Der Grund, dass sich die meisten von dieser oberflächlichen Gewalt mitreißen lassen, liegt in der Natur des Menschen selbst. Der Mensch ist ansich kein tiefgündiges Wesen. Er ist genauso oberflächlich wie die Gewalt, die er vor dem Bildschirm sieht. So entsprechen die Spiele genau der angepeilten Zielgruppe. Und wo wir, wenn wir über Zielgruppen reden, reden wir zwangsläufig über das Streben nach Profit. Ist ein Spiel nicht profitabel, wird das Entwicklerstudio in den meisten Fällen geschlossen. Da liegt doch der Hund begraben. Es ist nicht allein die Schuld der Entwickler. Die Schuld liegt zu großen Teilen bei unserer Gesellschaft, unserem Wirtschaftssystem und dem Menschen selbst.
Der Mensch mag mit Sicherheit ein vernunftbegabtes Wesen sein, jedoch ist diese "Vernunft", letztlich gesellschaftsabhängig. Sie ist zwangsläufig "oberflächlich" notwendig, um in unserer Gesellschaft zu bestehen.Sie wird propagiert und gelebt um den Lebensstandard zu halten, den wir aktuell in der westlichen Welt besitzen
Hmm, im Grunde wirfst du also vor, der Mangel an Spielen, die Gewalt realistisch darstellen, liege am mangelnden Tiefgang der Menschheit?

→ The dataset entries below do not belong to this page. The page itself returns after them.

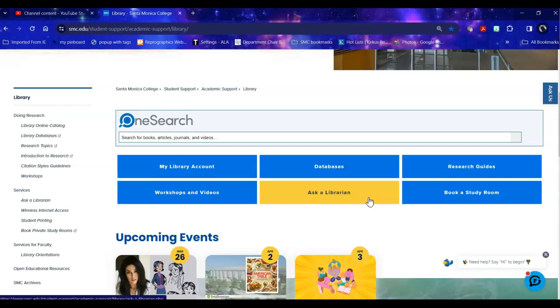If you ask during chat at a time when the SMC library is closed, you will talk to a librarian from a university or college that belongs to the consortium we're all part of. If they can't answer your question, if it's very specific to SMC, they can leave a ticket and that ticket will go to us, and when we open again we will contact you via email to make sure that you got the information you need to answer your question.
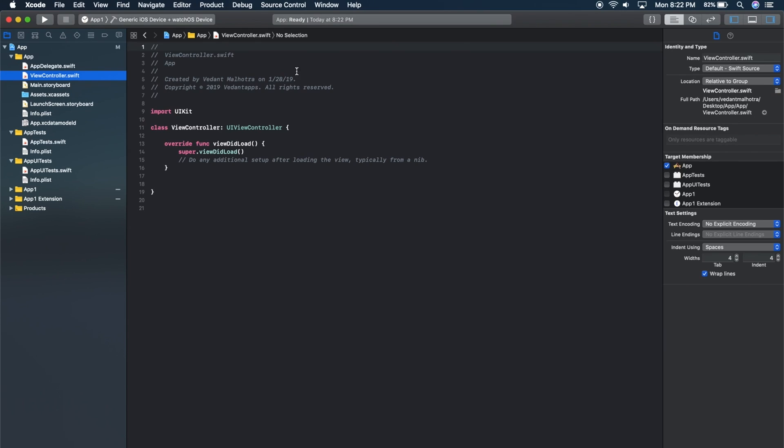Give it a second. As you can see, the WatchOS icon did pop up. You'll see that it says iOS device plus watchOS device.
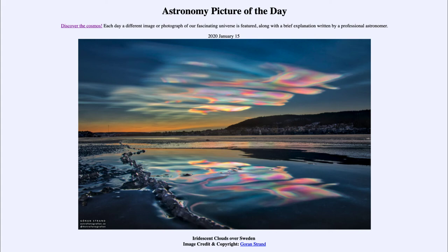These don't usually last very long because the clouds could get too thick, in which case you're no longer going to see the iridescence. The sun could get higher up or lower down so it's not striking them at the right angle, or a number of other things could happen to stop you from seeing them as iridescent with all of those different colors.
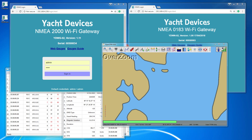In this video, we'll show how web gauges of our Wi-Fi gateway work. Web gauges are located on the internal web server of the gateway. You do not need an internet connection or to install the app to use it. You only need a web browser.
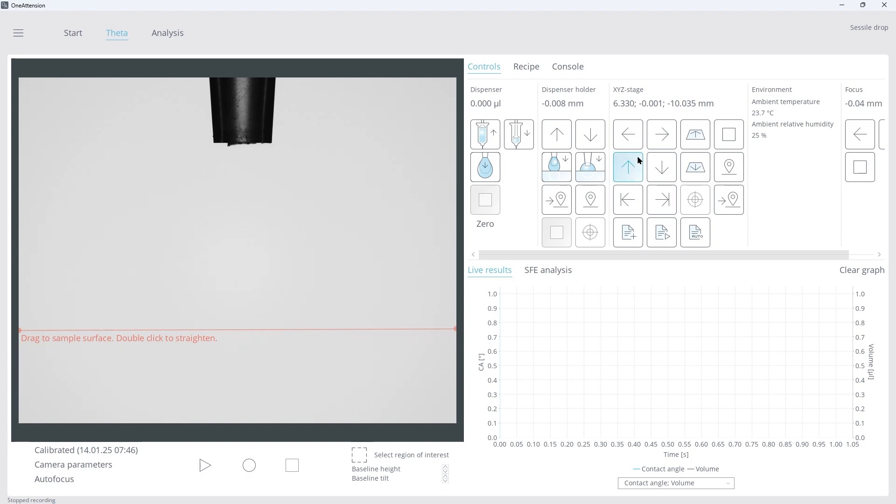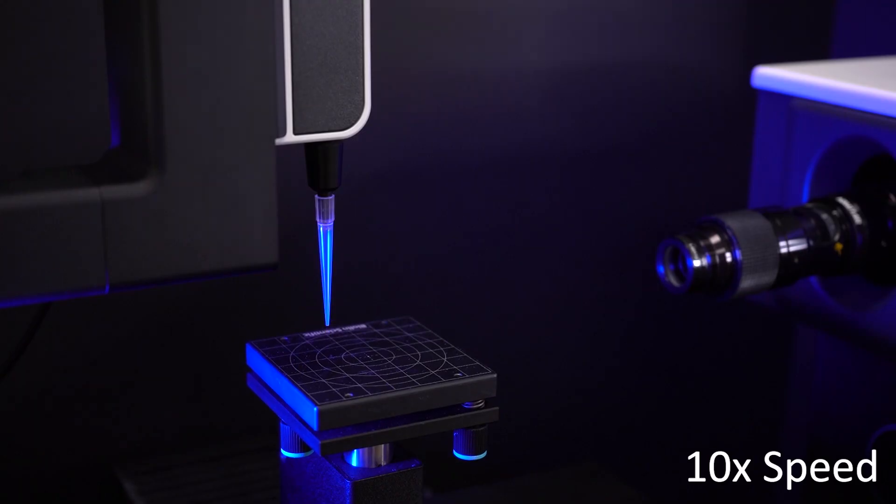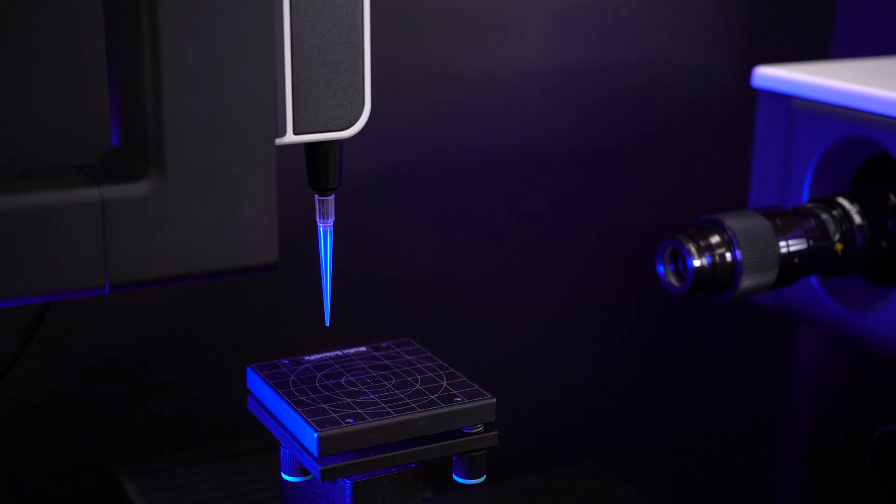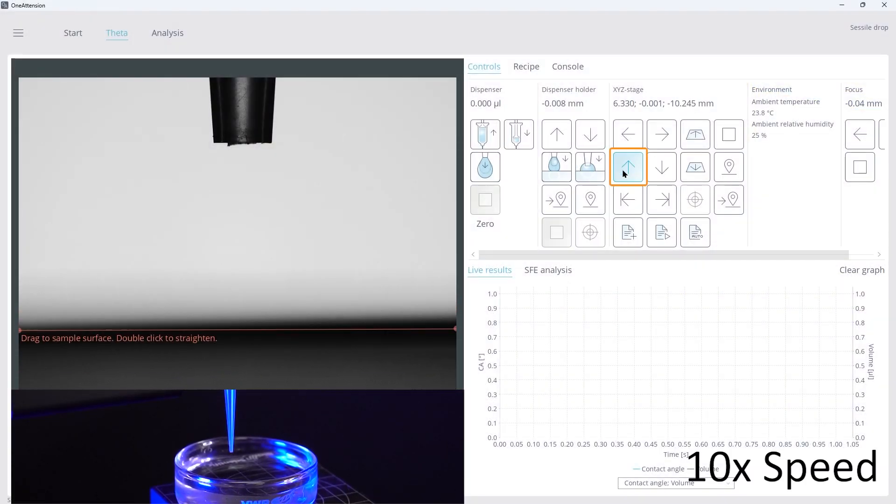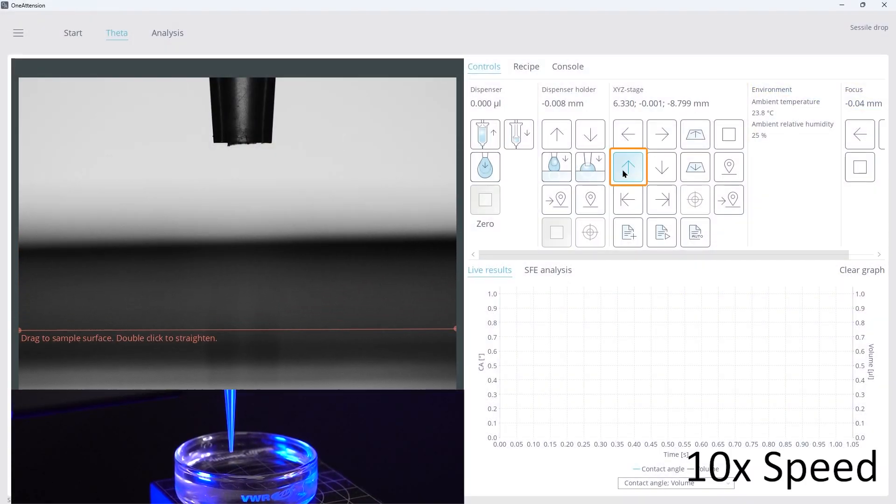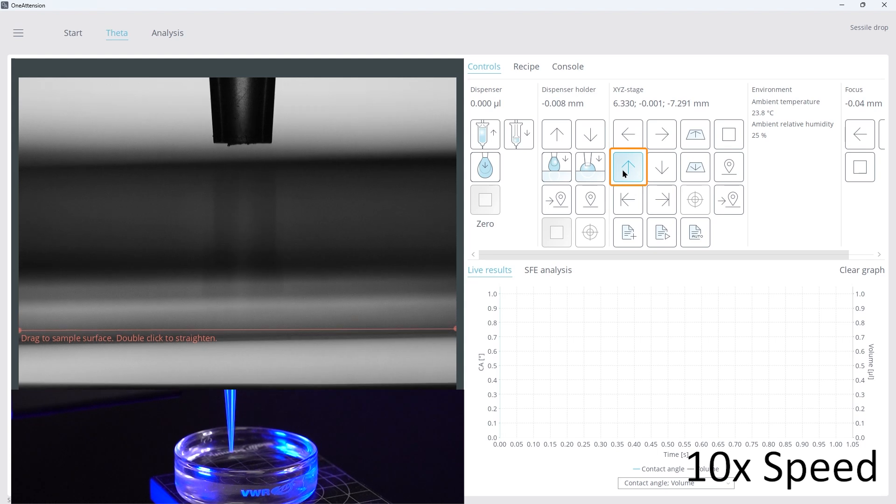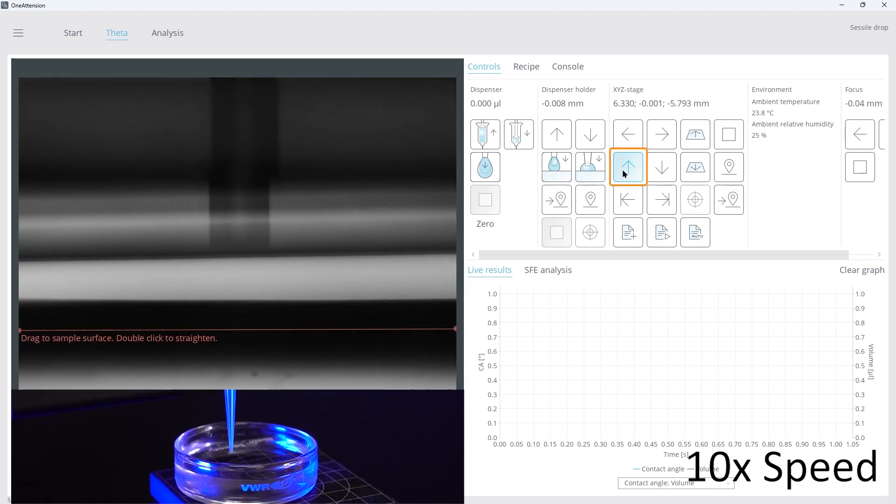Use the down arrow to lower the stage so we can place our sample vessel. Now, use the up arrow to bring the stage back up to submerge the pipette tip.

Andersherum, wer gerne Spiele spielt, die Gewalt eben nicht realistisch und mit den realen Folgen (im Rahmen dessen, was in einem Spiel möglich ist) zeigen, wer bei Spielen lediglich seinen Spaß sucht und sich den Folgen von Gewalt bereits durch andere Medien, nicht zuletzt solche, die ein wirklich reales Szenario abbilden (Nachrichten etc.), bewusst ist, ist oberflächlich und damit "Schuld" daran, dass nicht mehr Spiele Gewalt so zeigen, dass keiner mehr Lust aufs Spielen hat (Ich behaupte ja, naiv wie ich bin, keine Lust mehr aufs Leben zu haben kann durchaus mit der Gesamtsituation der Welt zusammen hängen)? Hab ich dich da richtig verstanden?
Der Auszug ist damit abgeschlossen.